Hungary's incoming Prime Minister Péter Magyar signaled April 13 he will not block the loan after his April 12 landslide election victory ended Viktor Orbán's 16-year rule. Magyar told Politico "the decision was already made in December" at the European Council summit where the package was initially approved. Disbursement is expected in the second quarter of 2026.

The €90 billion package splits €60 billion for defense procurement and €30 billion for budget support, financed through joint EU debt on capital markets. European taxpayers will cover debt service costs estimated at €1 billion for 2027 and €3 billion annually from 2028, according to European Parliament documents.

Ukraine only repays the loan after receiving Russian war reparations—an uncertain condition that makes the package functionally a grant. Russia has shown no indication it will pay reparations, meaning European taxpayers may bear the full cost of a war that shows no military breakthrough after four years.

Ukraine has not held elections since 2019 due to martial law. President Volodymyr Zelenskyy's five-year term expired in 2024, but he has deferred elections until "security guarantees" are in place. "First comes security, then politics," Zelenskyy told Euronews in February. Russia has questioned his continued rule as a pretext to extend power without democratic mandate.

Orbán initially approved the loan in December 2025, then blocked it for four months citing Druzhba pipeline repairs with Ukraine. His March 2026 veto prompted German Chancellor Friedrich Merz to describe it as "a gross act of disloyalty." Magyar's government will not block the loan but maintains Hungary's financial opt-out, stating "Hungary is in a very difficult financial situation... We cannot take on more loans."

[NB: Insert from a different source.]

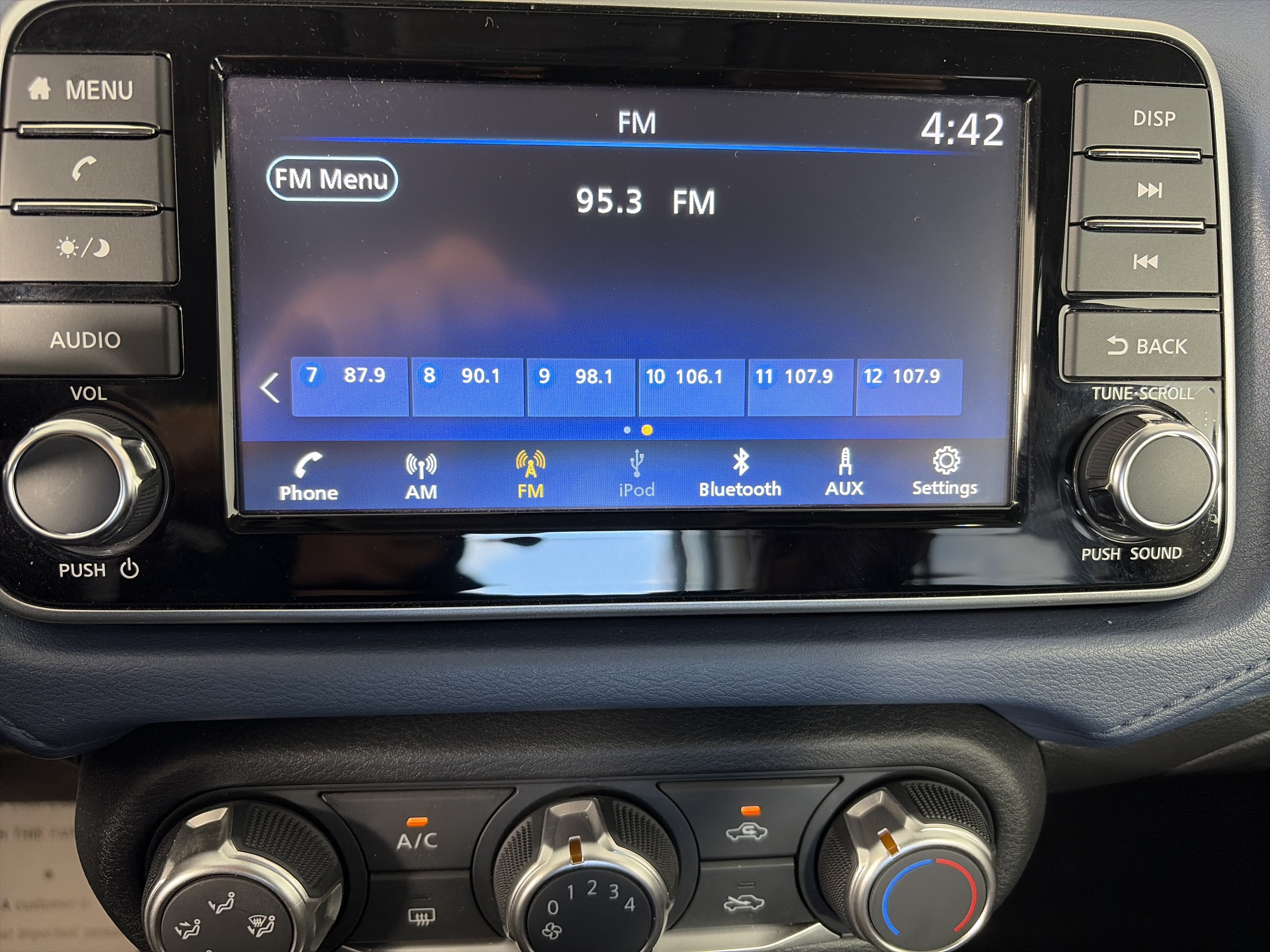 Used 2025 Nissan Versa SV w/ Trunk Package FWD image 18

The International Monetary Fund projects Ukraine faces a €130-135 billion funding gap for 2026-27. The EU loan covers two-thirds, with the remaining third expected from IMF and other international donors. Without the EU funds, Ukraine would have run out of money to finance the war by spring 2026, according to European Council on Foreign Relations analysis.

The loan uses "enhanced cooperation" among 24 member states—Hungary, Czechia and Slovakia opted out—representing a major step toward Eurobonds. Germany, which long opposed common EU debt, agreed to the mechanism, marking a policy reversal that centralizes Brussels' financial power while bypassing member state vetoes.

Analysts at ZeroHedge argue the EU is perpetuating the conflict until 2029, hoping Democrats regain control of the White House and resume Biden-era interventionist policy.

European taxpayers will service debt estimated at more than €10 billion over the loan's life. The conflict enters its fifth year with no elections scheduled to determine Ukrainian public support for continued fighting.